Il fatto è che anche gli agenti patogeni hanno tratto vantaggio dalla modernizzazione. Il mondo che abbiamo costruito, infatti, avvicina le persone: oltre metà della popolazione mondiale, sempre più numerosa, vive in città spesso sovraffollate, e si sposta da una città all’altra in poche ore con aerei e treni ad alta velocità, facilitando la trasmissione di virus e batteri. Inoltre, la deforestazione e l’espansione degli insediamenti urbani verso zone rurali, insieme alla diffusione degli allevamenti intensivi e del commercio di specie selvatiche, avvicinano le persone anche agli animali che possono agire da serbatoio per l’emergere di nuovi patogeni.

Tutto questo rende le nostre società più vulnerabili al rischio di pandemie. In un mondo affollato e iperconnesso, l’emergere di un virus sconosciuto in un mercato cinese (così come del resto può accadere in un allevamento messicano di maiali, e come in effetti accadde per l’ultima pandemia, l’influenza suina del 2009), può trasformarsi nel giro di poche settimane in una minaccia globale con ripercussioni imprevedibili sulla salute, sull’economia e sulla politica internazionale.

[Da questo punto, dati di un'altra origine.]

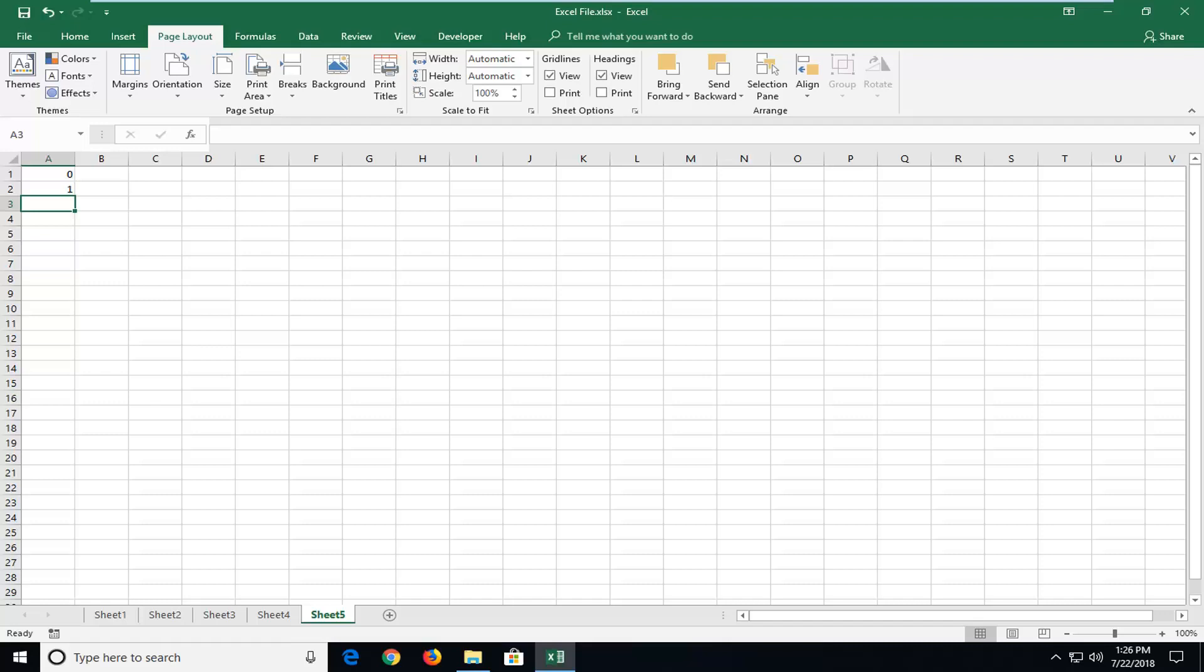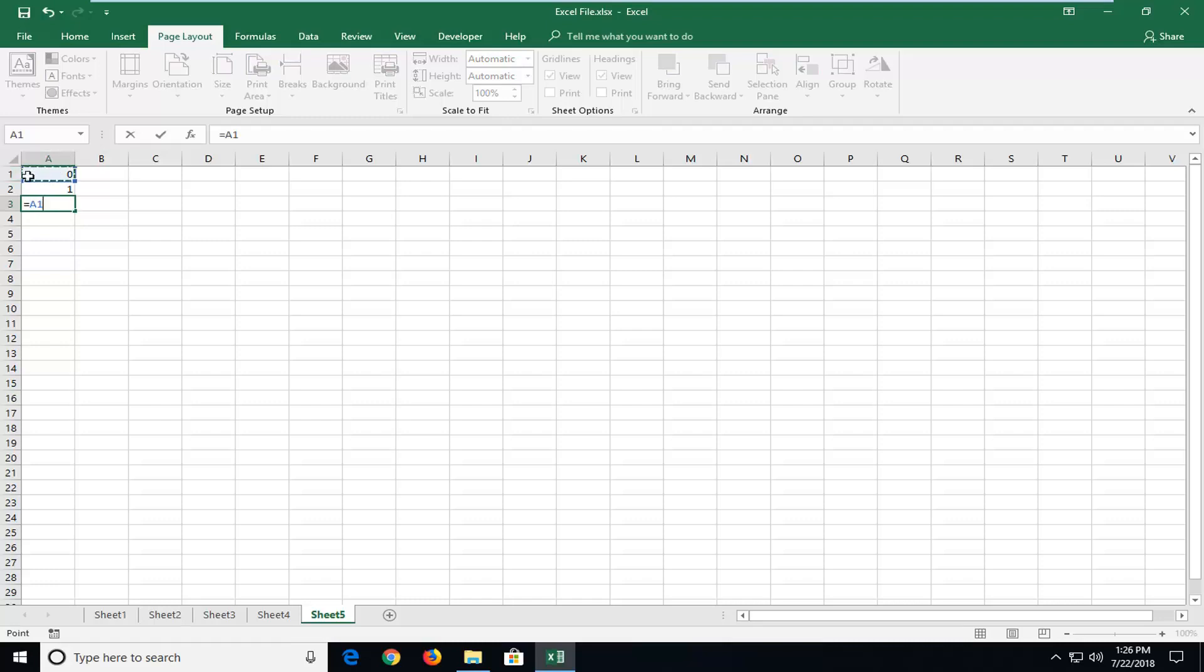So we're going to just start now by doing an equals for number 3. So the third row, I'm going to type the equal sign and then I'm going to left click on the first one. So A1, I'm going to select that and then I'm going to do plus and then I'm going to select the A2 value which is 1 here.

Per contrappasso, nel tentativo di arginare il contagio oggi siamo costretti a mettere in discussione i pilastri della nostra società globalizzata, limitando gli spostamenti delle persone e trovando alternative all’interdipendenza nella catena di approvvigionamento delle merci su cui si basa l’intero modello economico, diventato a sua volta un fattore di vulnerabilità, come mostra l’arresto di intere produzioni industriali per la mancanza di componenti prodotte nelle regioni più colpite dall’epidemia.

Pure a livello nazionale, l’impatto dei provvedimenti che si sono resi necessari è senza precedenti, con la chiusura di tutte le scuole, i checkpoint intorno alle città isolate, il rinvio o la cancellazione di molti eventi pubblici, fino al tentativo di regolare comportamenti alla base della nostra socialità: la distanza minima fra le persone, le strette di mano i baci e gli abbracci. Nella consapevolezza che ogni sforzo servirà a rallentare l’epidemia – essenziale affinché il nostro sistema sanitario possa reggere l’impatto dei ricoveri ospedalieri – ma con ogni probabilità non riuscirà a fermarla. Come andrà a finire dipende più dalle caratteristiche virus che da noi, nonché da quel che succederà nelle altre nazioni, ricche o povere, di ogni continente. È la lezione di questa epidemia ai tempi dell’Antropocene, in un mondo globalizzato che crediamo fatto apposta per noi, ma che sembra piacere molto anche ai virus.